Activity
Below is some data. Retype exactly the lines starting at the one with "Blue Striped Tiered Raw Hem Midi Dress" and ending at the one with "D Pillar Upper".

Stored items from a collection

· · · · · · ·

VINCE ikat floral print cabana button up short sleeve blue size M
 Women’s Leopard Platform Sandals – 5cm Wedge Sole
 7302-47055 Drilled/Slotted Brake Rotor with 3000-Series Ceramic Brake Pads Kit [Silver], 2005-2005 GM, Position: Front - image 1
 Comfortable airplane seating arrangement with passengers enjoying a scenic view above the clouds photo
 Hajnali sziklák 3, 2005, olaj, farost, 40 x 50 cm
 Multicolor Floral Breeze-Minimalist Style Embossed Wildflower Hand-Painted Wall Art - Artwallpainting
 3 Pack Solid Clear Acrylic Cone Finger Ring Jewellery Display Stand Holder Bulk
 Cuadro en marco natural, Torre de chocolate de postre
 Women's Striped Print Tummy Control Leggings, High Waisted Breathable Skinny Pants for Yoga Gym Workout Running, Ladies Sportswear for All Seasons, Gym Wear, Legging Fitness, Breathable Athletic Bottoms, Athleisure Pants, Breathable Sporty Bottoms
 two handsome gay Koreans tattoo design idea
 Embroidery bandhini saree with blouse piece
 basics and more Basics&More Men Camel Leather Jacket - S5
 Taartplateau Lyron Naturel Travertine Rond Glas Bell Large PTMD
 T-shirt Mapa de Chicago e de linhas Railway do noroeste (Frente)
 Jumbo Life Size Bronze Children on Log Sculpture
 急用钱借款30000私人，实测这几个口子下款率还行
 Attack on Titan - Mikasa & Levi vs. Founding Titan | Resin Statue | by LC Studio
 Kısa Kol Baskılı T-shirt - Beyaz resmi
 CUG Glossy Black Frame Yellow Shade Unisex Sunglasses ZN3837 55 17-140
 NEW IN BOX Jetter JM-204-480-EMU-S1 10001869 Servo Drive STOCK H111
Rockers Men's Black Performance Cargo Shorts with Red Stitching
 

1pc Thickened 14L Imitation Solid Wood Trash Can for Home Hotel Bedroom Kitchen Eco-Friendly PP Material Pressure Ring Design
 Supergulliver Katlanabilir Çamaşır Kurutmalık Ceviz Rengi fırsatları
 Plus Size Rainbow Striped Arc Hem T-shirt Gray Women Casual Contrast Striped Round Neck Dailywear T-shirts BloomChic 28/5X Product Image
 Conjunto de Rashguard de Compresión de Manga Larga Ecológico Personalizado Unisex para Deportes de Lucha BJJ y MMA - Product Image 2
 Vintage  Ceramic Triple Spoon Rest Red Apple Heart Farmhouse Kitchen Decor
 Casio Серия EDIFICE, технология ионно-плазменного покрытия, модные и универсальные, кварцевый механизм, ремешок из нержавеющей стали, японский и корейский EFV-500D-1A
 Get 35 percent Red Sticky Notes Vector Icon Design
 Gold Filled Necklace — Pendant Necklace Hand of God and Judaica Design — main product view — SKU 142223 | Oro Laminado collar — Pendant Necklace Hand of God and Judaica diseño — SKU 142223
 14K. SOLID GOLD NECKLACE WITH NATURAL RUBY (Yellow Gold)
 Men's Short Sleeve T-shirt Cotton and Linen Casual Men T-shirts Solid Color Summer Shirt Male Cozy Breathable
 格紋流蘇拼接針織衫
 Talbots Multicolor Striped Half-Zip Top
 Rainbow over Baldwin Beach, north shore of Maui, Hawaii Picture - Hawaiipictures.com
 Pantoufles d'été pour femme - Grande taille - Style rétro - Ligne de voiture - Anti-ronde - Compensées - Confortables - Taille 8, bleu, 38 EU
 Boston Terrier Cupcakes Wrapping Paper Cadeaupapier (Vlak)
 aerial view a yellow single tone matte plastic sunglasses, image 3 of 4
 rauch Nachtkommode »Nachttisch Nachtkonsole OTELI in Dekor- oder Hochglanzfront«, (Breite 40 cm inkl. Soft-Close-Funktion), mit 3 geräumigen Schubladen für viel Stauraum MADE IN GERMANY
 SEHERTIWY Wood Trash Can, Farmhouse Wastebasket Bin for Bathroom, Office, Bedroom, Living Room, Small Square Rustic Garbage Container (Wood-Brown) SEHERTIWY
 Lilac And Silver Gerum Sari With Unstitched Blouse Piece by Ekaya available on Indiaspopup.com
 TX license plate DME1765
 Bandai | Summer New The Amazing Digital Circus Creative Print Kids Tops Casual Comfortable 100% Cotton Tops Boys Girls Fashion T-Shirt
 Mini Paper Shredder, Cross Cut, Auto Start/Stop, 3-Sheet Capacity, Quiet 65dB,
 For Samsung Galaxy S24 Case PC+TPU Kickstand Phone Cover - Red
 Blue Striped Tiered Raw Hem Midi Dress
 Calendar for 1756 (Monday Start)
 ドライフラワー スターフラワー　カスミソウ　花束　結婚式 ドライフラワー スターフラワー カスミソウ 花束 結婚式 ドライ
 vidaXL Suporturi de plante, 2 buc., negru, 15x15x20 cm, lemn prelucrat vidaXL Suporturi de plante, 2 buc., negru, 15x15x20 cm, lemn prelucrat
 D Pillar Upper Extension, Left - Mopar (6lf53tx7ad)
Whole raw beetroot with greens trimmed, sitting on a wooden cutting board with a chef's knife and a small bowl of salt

· · · · · · ·

Response for this exercise
 Blue Striped Tiered Raw Hem Midi Dress
 Calendar for 1756 (Monday Start)
 ドライフラワー スターフラワー　カスミソウ　花束　結婚式 ドライフラワー スターフラワー カスミソウ 花束 結婚式 ドライ
 vidaXL Suporturi de plante, 2 buc., negru, 15x15x20 cm, lemn prelucrat vidaXL Suporturi de plante, 2 buc., negru, 15x15x20 cm, lemn prelucrat
 D Pillar Upper Extension, Left - Mopar (6lf53tx7ad)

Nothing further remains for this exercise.